It’s been a whirlwind first week aboard the Robert C. Seamans. For me, it’s been one of mental and physical adaptation. Living on a sailboat is no less of an “abroad” experience than visiting a foreign country – and it’s perhaps more challenging. In addition to adjusting to the culture and lifestyle aboard the ship and learning a new language (I’m sure “Make fast the Fish Peak Halyard” doesn’t mean much to most folks), there’s the physical and psychological strain of our erratic sleep schedule and the ongoing work to keep the ship in tip top shape. And all of this is occurring while the ship is rocking from side to side, which makes even the simplest of activities exceedingly more difficult. There’s never a dull moment! For example, our first dinner on the gimbaled tables was outright terrifying. I kept thinking the squash soup was going to slide right off the table, but we all survived and the soles remained clean. These challenges have made each day a rewarding learning experience. From learning the lines to helping deploy the hydrocasts and meter nets, our teamwork has gotten us far – in terms of distance travelled, accomplishing our research objectives, and getting to know each other even better.
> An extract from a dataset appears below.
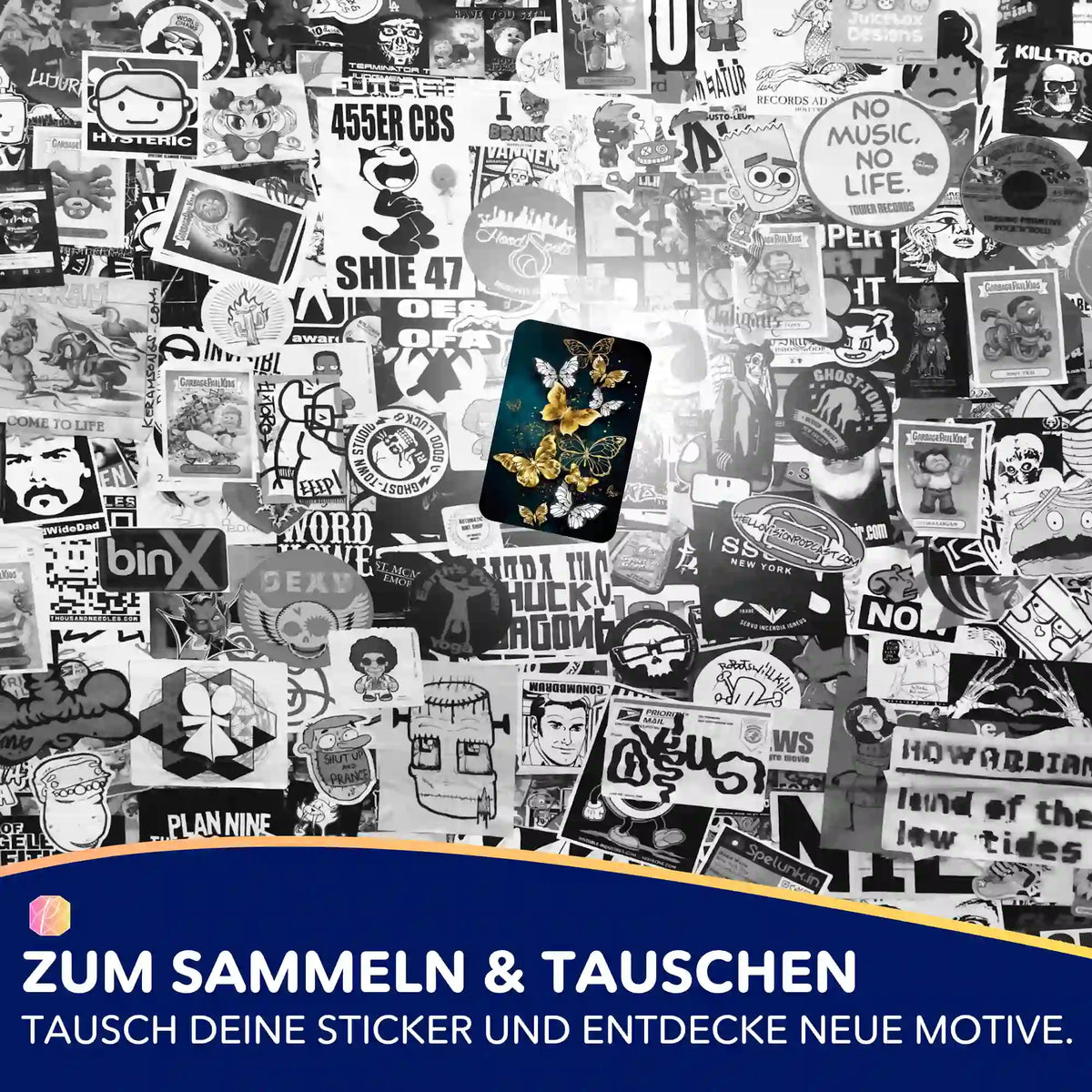 Picmondoo Diamond Painting Sticker-Set mit goldenen Schmetterlingen als Deko-Highlight für dein Bastel-Zubehör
|Bizarre mesopelagic fish|
Getting the opportunity to actually participate in some of the oceanography that I’d previously only heard about in lectures and textbooks has been incredible, particularly when it has culminated in new discoveries. Last night, the meter tow we deployed captured a bizarre and potentially undescribed fish from the mesopelagic zone. It was amazing to think that I was possibly one of the first people to ever observe this species. Just gazing out over the vastness of the ocean while off watch has brought to mind the infinite number of unknowns and a sense of how truly immense this environment is, a self-evident truth that has never really sunk in until now. Our oceanographic deployments are only scratching the surface, and there is always more to learn. This has made the science side of the trip extremely exciting, since we’re at the forefront of beginning to understand how the physical environment contributes to its biology. I’m also looking forward to reaching Palmyra, where I can begin work on my own research project. While I’ve travelled to the atoll before as a research assistant, seeing its silhouette rising over the horizon while sailing will be an entirely new experience. So far, this trip has been an onslaught of new skills to be learned and adventures to be had, and I’m loving every moment!